My 7 year old has taken to the piano like a house afire (I'm so proud :-) ) and it's time to put him on a full 88 key instrument -- he has been taking lessons for 6 months and has practiced thus far on an electronic keyboard.
The question is what to put him on. His grandparents have offered to send down the piano I learned to play on 25 years ago in NY -- a beautiful Knabe upright that has been maintained, but not perfectly so, and will take some work. So, there will definitely be moving costs and then tuning, but also there are a few cracked keys, and it will need to be fully looked over and could take a bit of additional work as well.
I am in the Washington, DC area, and have been looking locally at used acoustics and digital pianos in the $2000 and under range, as I am (unfortunately) very limited in the budget right now! Taking advantage of the Labor Day sales, I went to one of the major piano dealers in the area and saw what seemed to be a nice Kawai digital at the low end, a new model, and was able to negotiate down from a "list price" of $2199 to $1499.
Any thoughts on what I should do here? I have to admit I lean towards an acoustic piano (and have a sentimental attachment to the one I learned on), but I am a little nervous about the unknowns involved (both in terms of quality and price) in shipping it down. Any insights would be appreciated.
#923642 - 09/04/05 03:35 AM
Re: Dilemma -- Inherited Acoustic or New Digital?
4000 Post Club Member
In my opinion there is no question here, the
answer is to get a digital piano. Digital
pianos are now technologically almost at the
point where they are indistinguishable
from acoustics in sound and touch.
I grew up playing on an acoustic and when
I moved out on my own into an apt. I initally
considered getting an acoustic, since the
building allows pianos.

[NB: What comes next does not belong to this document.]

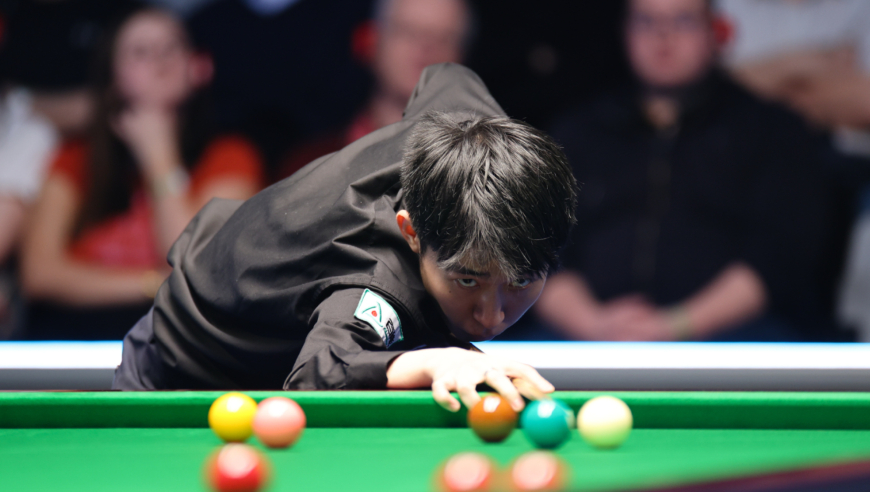 常冰玉对手演出年度小品 超1分自做斯诺克 中国小将上演戏剧大逆转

However, when I
first moved into the building, one tenant
had an acoustic, and the reaction of the other
tenants to his playing was so hostile (he
was just about run out of the building) that
I decided look into digitals instead. This
was more than ten yrs. ago, in the early
days of home digital pianos, and the one that
I got was a Korg with terrific sound but
with unweighted keys like an electric organ,
since in those days weighted keys were
a rare and very expensive luxury.
I played on this Korg for many years, since
the sound was so pure and excellent,
but 4 mos. ago I finally bought
a new digital upright with true
weighted hammer action keys
and I was astounded at the
technological advancements that had
been made since I got the Korg. The
key action on my new digital,
a Casio AP-31, is almost indistinguishable
from an acoustic, and the grand piano
sampling (sound) on it is, to my ears
at least, just like an acoustic grand
piano. This new digital piano is, for
all practical purposes, the equivalent
of an acoustic piano--and this
AP-31 is the economy model of the line at
These days all of the numerous brands of digitals
use similar technology and have similar performance
to other brands in the same price range. I'd
offhand recommend Casio digital pianos,
because of their superior weighted action,
but you'd have a hard time today buying
a bad digital piano, either the "upright"
style or the lightweight, portable "stage
piano" style. All of the uprights and most
of the stage pianos now have weighted keys
and all use sampling from an acoustic
There are a whole bunch of digital uprights
in the 1000.00-1500.00 range that are
high-quality instruments that would satisfy
anyone looking for something equivalent
to an acoustic upright. The ones in the
1500.00-4000.00 range are similar in sound
and action but offer more computerized
features like built-in LCD screens and so
Many purists on these forums still won't even
go near a digital, but these people don't
know what they are missing. But little by little
people are getting the message and overcoming
the totally obsolete bias against digital
pianos (this bias in fact has been
out-of-date since the appearance of the
first electric pianos about 40 yrs. ago)
and you see more and more people listing an
acoustic and a digital as the pianos they
own (the digital is great for quiet practice
and is actually superior for developing
technque since it's slightly harder to play
on than an acoustic).
There are also purely economic reasons in
favor of digitals. Besides being lower-priced
than acoustics, they are also completely
maintenance-free, while acoustics require
frequent and expensive tuning and
maintenance (someone on these forums
recently quoted a price of 1500.00 for
regulation and general overhaul on an
acoustic, which is a something that
theoretically should be performed
every few yrs. or so).
So I'd go for a digital. I can't say enough
in praise of my Casio AP-31. I use it
to play the most advanced classical pieces,
including concertos, and when I go to
stores and play on acoustics they feel like
toy keyboards because a digital naturally
improves your physical technique and strength.
For 1000.00-1500.00 you can get a digital
that will be equivalent, and in some ways
superior, to an acoustic. You don't need
to spend any more than that unless you
want a lot of computerized features.